• **Instructions for the task**
I would like the lines below, from the one with "Натюрморт Лилии. Вариант Круглова Ирина" through the one with "Labrador Retriever Fetch", copied exactly and without any pictures.

• **Available records**
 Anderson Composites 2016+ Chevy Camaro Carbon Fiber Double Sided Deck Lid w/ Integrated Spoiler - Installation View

==

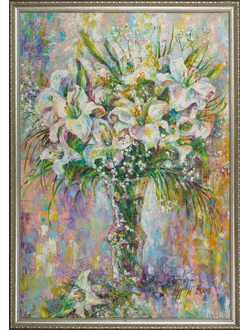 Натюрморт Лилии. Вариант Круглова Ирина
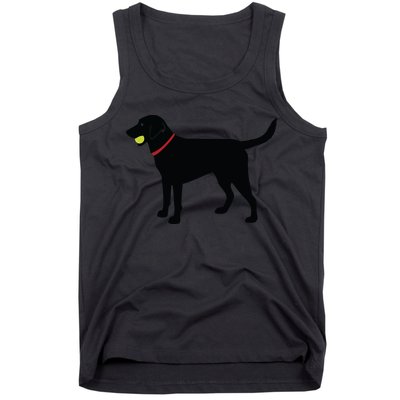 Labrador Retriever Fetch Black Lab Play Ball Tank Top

---

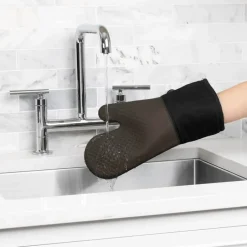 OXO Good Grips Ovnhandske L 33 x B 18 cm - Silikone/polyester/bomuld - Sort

• **Written solution**
 Натюрморт Лилии. Вариант Круглова Ирина
 Labrador Retriever Fetch Black Lab Play Ball Tank Top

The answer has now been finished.